That song, you know the one, Shut Up and Dance, it really irritates me. And the line that irks me the most is "this woman is my destiny". That is not you call man. And it is deeply disturbing in how little heed is paid to her feelings or desires in the situation. It smacks of rape culture and patriarchy.
The really horrid part is I have had that line pushed on to me more than once. When I was young and silly I found it disturbing but flattering. To be wanted was nice. Now I have no tolerance for that rubbish and call it for what it is- obligation making.
I had a frank discussion with a friend of mine a few moths ago. I told them that I fancied them as more than a friend. I told them I liked their values. I told them I enjoyed spending time with them. I loved that our kids got along. I liked that my mother like them. I liked that we had a solid 12 years of friendship as a basis for a relationship. I poured my heart out. They, very kindly and gently, told me that they just didn't see me that way and they wanted to stay just friends. I accepted this like a trouper! I copped it on the chin and a week or so later we met up for one of our semi-regular catch up sessions. And it was fine. I was not embarrassed; it was not awkward.

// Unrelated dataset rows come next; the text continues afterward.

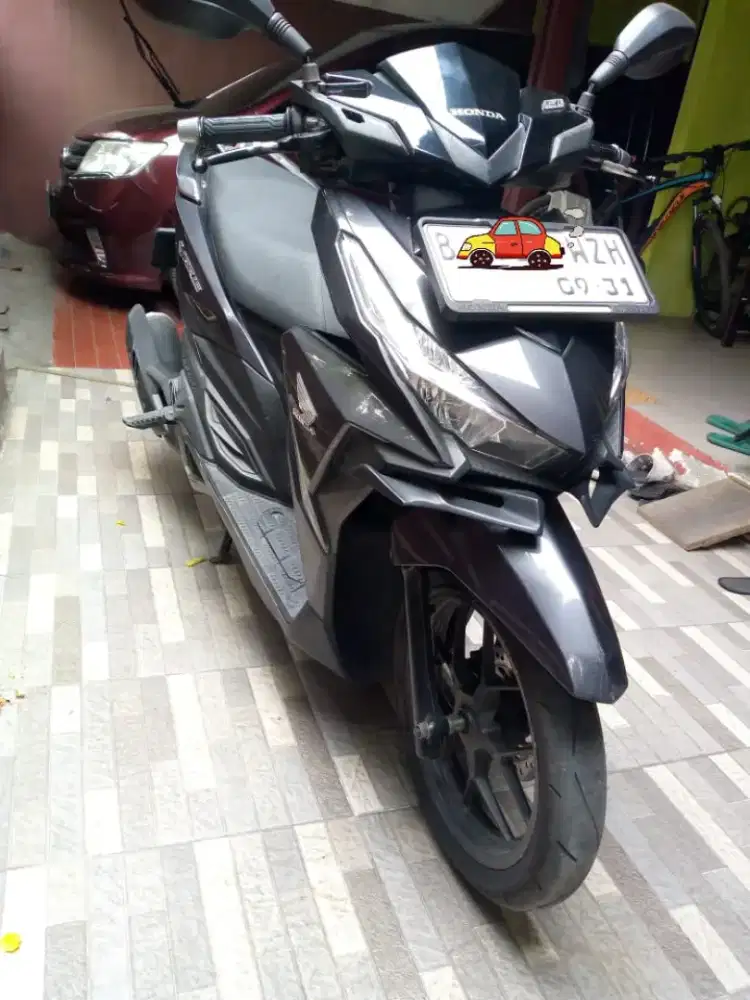 Vario 125 tahun 2017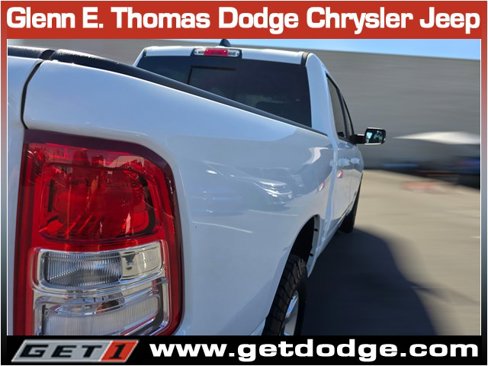 Used 2022 RAM 1500 Big Horn image 9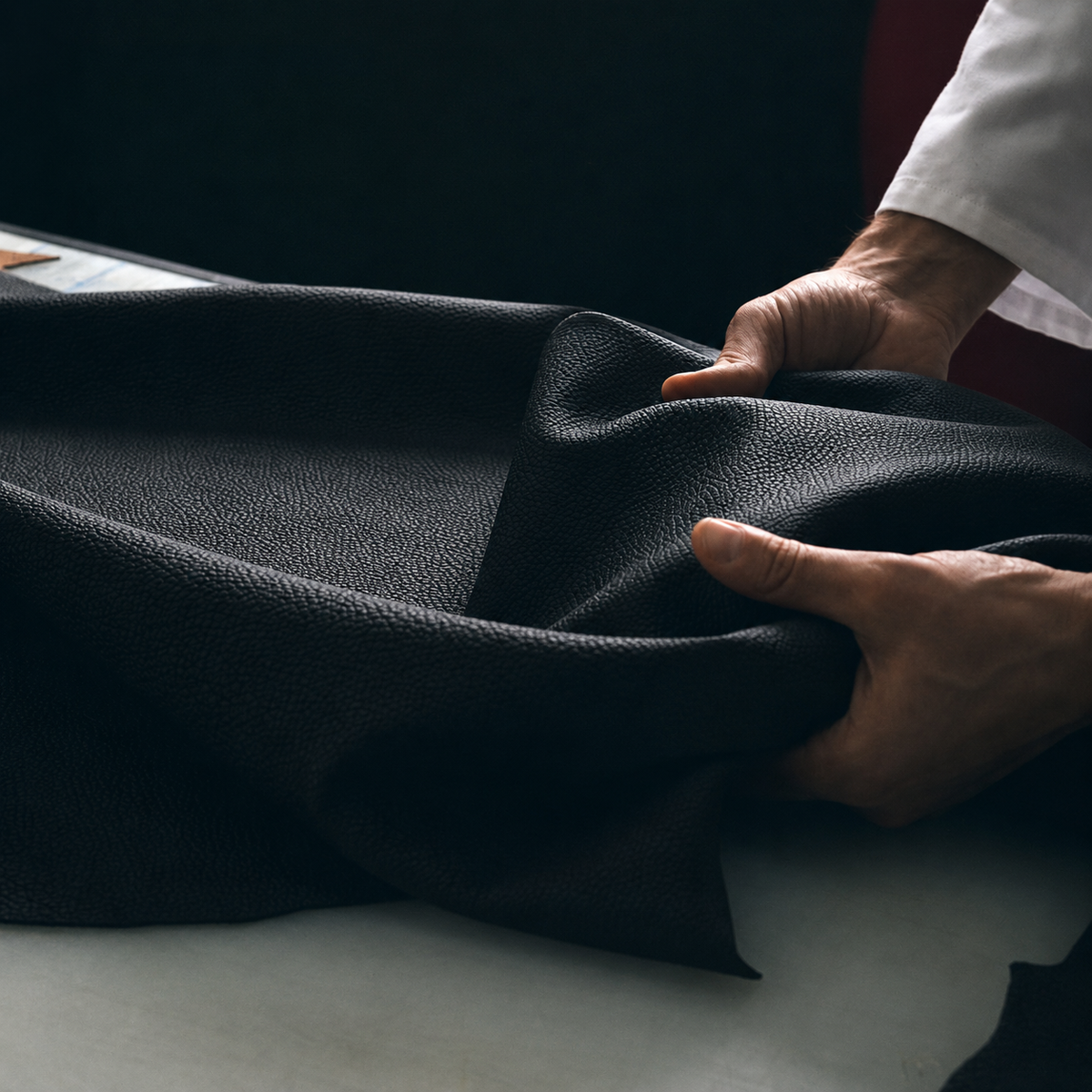 HANDCRAFTED LEATHER
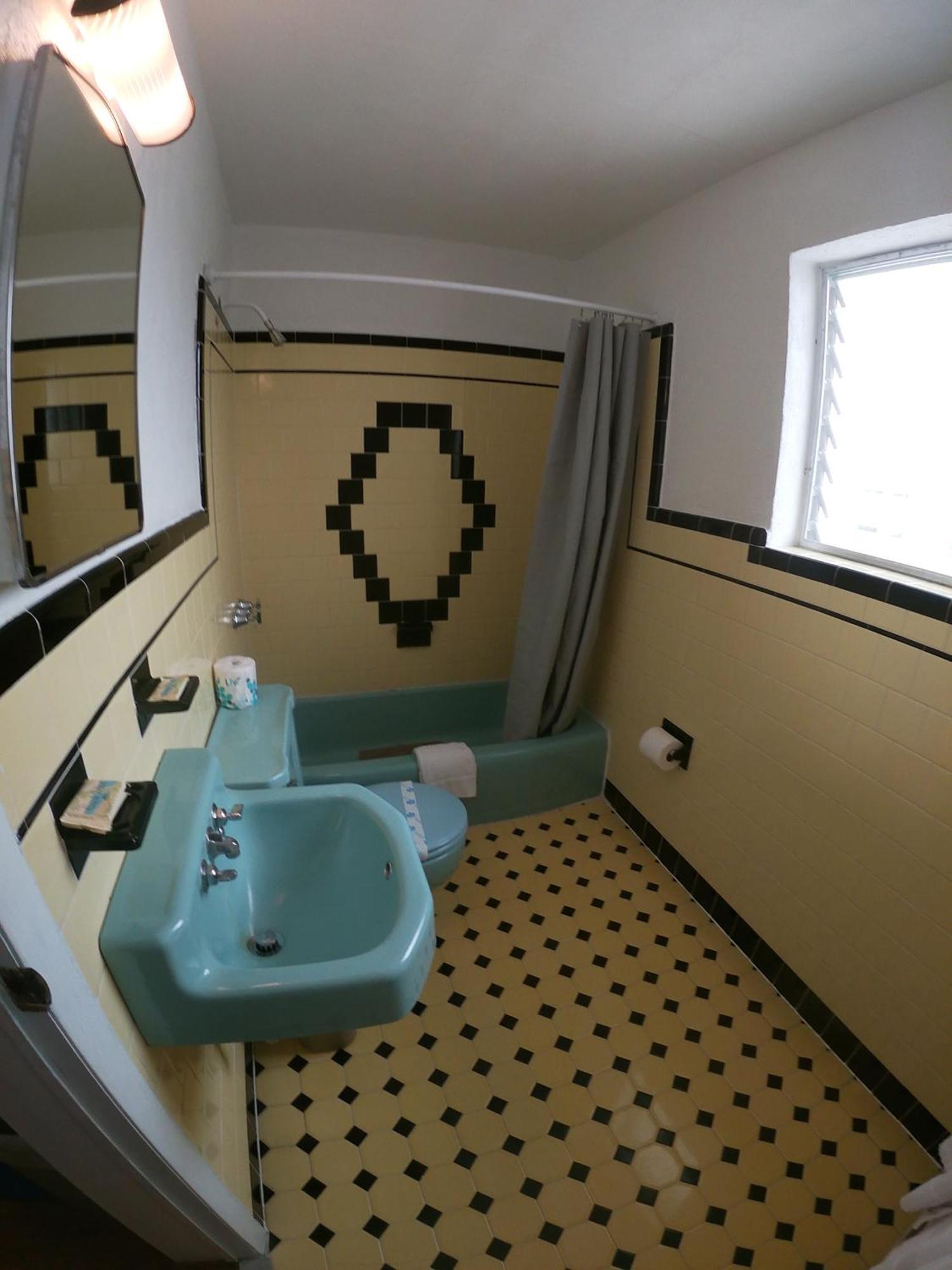 Sea Chest Motel Dot Com Wildwood Crest Eksteriør bilde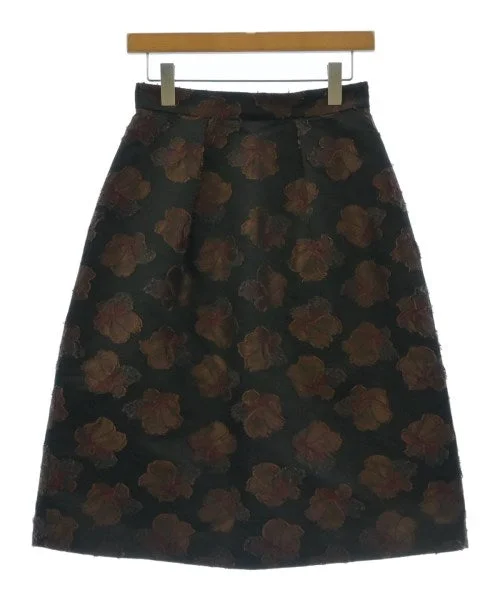 UNTITLED Long/Maxi length skirts chiffon skirt flowing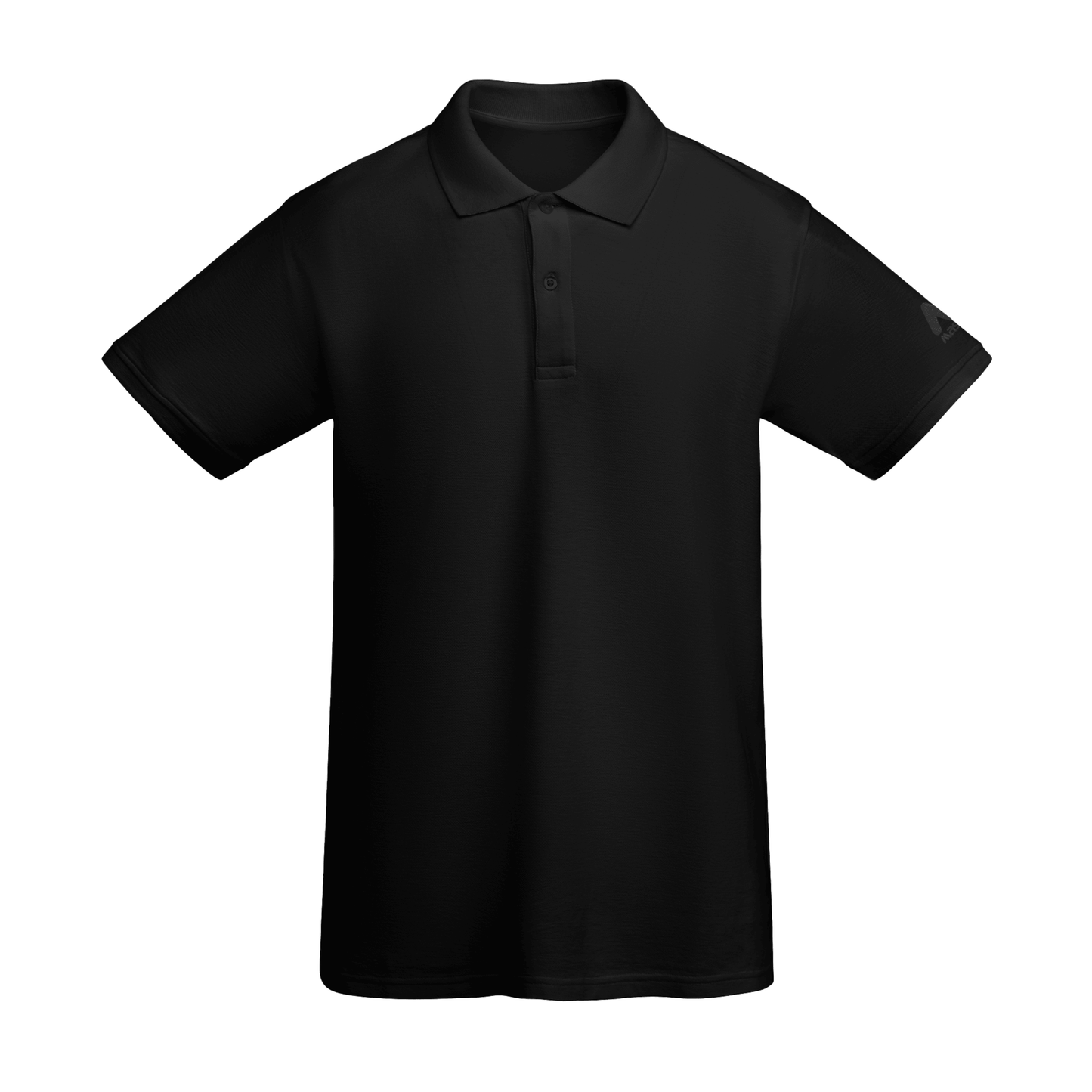 Tshirt-Premium-SS-Polo-PR14-Black-Colour-Masita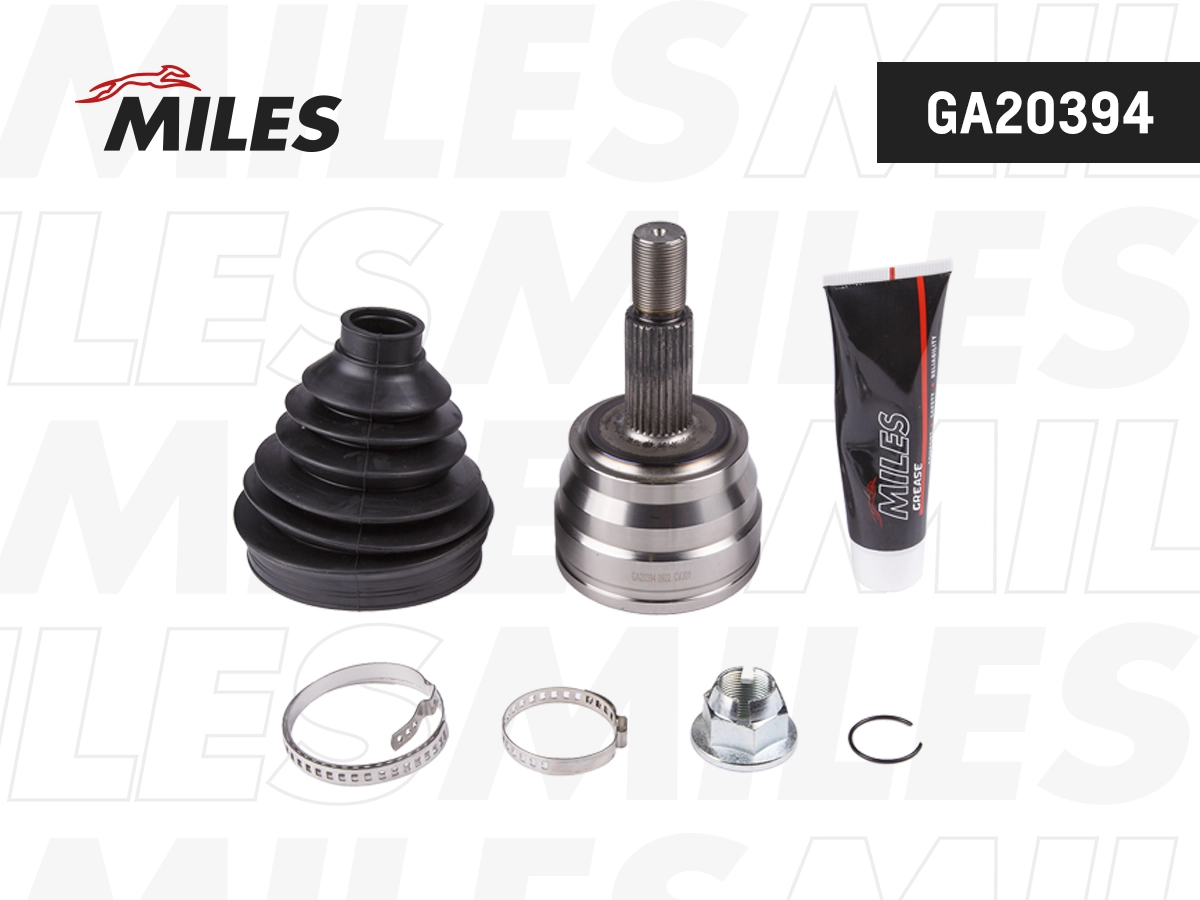 Joint Kit, drive shaft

That's how grown-ups do it. Had I declared my undying love and that this person was my "destiny" I don't think I could ever have spoken to them again. But maybe if I'd gone all out, I could have made them feel obliged to say yes. That is not how it works. It is not okay. But it is all too common in how men speak to women. I watched "friends with benefits" the movie with in the movie has the man say to his beloved "I know you better than you know yourself". That's the high point. That's how he wins her. I would have slapped him. No one will ever know another person better than they know themselves and to presume you do is idiotic and says to your love interest that you do not think they have autonomy.
It didn't work for me; I took a shot and it failed. That's okay. I was honest about my feelings and beliefs. I did not assume the other persons feeling or beliefs. And I certainly did not claim that because I fancied them they had been especially created just for my pleasure and to fulfil my desires.
The sexiest thing anyone has ever said to me is "You're really smart." One of the reasons I liked that so much is that it was said with no agenda. It was not a way to get into my pants. It was not a hollow remark. It was an observation made by someone who's opinion I trust. If they had said I was their destiny, I would have walked away. Instead we are good friends. And that is a great thing.